• _What is being asked_: All lines from the one with "Stk En-El3E Battery" to the end of the data: return those exactly, and only those.

=== Available data ===

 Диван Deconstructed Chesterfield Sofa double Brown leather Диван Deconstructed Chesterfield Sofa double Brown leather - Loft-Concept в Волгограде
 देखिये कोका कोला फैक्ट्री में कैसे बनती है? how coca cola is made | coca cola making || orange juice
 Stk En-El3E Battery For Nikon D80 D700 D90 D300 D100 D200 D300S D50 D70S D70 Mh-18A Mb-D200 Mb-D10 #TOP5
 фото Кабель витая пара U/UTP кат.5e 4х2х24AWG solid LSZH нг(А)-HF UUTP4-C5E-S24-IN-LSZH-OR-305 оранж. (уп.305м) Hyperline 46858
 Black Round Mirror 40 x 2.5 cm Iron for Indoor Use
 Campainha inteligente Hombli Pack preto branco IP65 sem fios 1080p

===

• _Exercise output_:
 Stk En-El3E Battery For Nikon D80 D700 D90 D300 D100 D200 D300S D50 D70S D70 Mh-18A Mb-D200 Mb-D10 #TOP5
 фото Кабель витая пара U/UTP кат.5e 4х2х24AWG solid LSZH нг(А)-HF UUTP4-C5E-S24-IN-LSZH-OR-305 оранж. (уп.305м) Hyperline 46858
 Black Round Mirror 40 x 2.5 cm Iron for Indoor Use
 Campainha inteligente Hombli Pack preto branco IP65 sem fios 1080p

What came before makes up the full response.